Let’s stop pretending this isn’t intentional.
Journalists today aren’t neutral observers. They’re ideological gatekeepers. Their job isn’t to inform anymore, it’s to manage perception. When someone from a protected group commits a crime, the goal is to minimize the public’s reaction. So they soften the language. They omit key facts. They disappear the suspect into a fog of generalities.
You don’t have to believe in conspiracies to see the pattern. You just have to pay attention.
We’ve seen this game played before. The Waukesha Christmas parade massacre? A black supremacist plows through a crowd, killing six people. Within a week, the media dropped it entirely. No round-the-clock coverage. No deep dives. Nothing. Why? Because the victims were mostly white and the attacker didn’t fit the narrative. So the story was buried.
When a white police officer is involved in a questionable shooting, it’s front-page news. When an illegal immigrant stabs a teenager, it’s “a man was arrested.” When a Muslim extremist attacks a synagogue, the motive is always “unclear.”
This isn’t about justice. It’s about agenda.
The American people aren’t stupid. They see the double standard. They notice when the rules change depending on who’s involved. And they’re sick of it.
Journalists love to talk about "eroding trust in media," but they never look in the mirror. Maybe people don't trust you because you lie. Maybe they don’t believe you because they’ve caught you playing this game too many times.

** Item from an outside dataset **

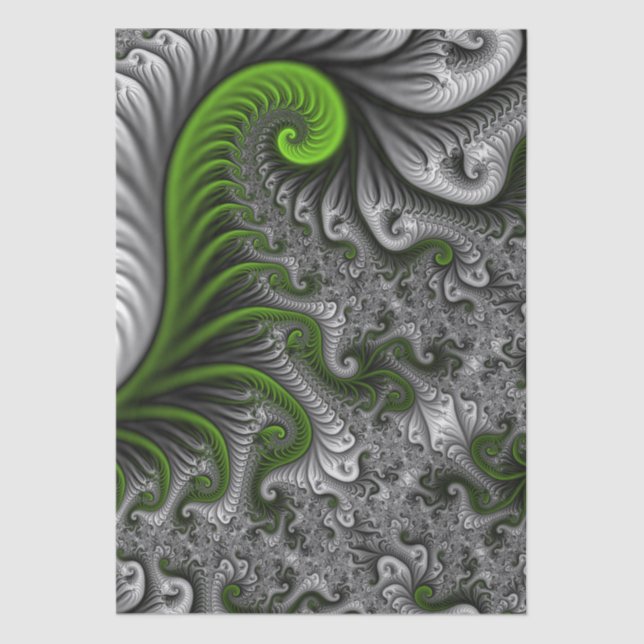 Fantasy World Green And Gray Abstract Fractal Art Seidenpapier (Vorderseite)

And here’s the kicker: hiding facts doesn’t protect anyone. It doesn’t build unity. It builds resentment. When you cover for one group and scapegoat another, you don’t reduce hate, you create more of it.
Here’s a radical idea: tell the truth. Even when it’s messy. Even when it challenges your politics. Even when it makes people uncomfortable. That’s what journalism used to be. That’s what the public deserves.
The American people don’t need “two men.” We need names, facts, and accountability. Because this country doesn’t run on euphemisms. It runs on truth.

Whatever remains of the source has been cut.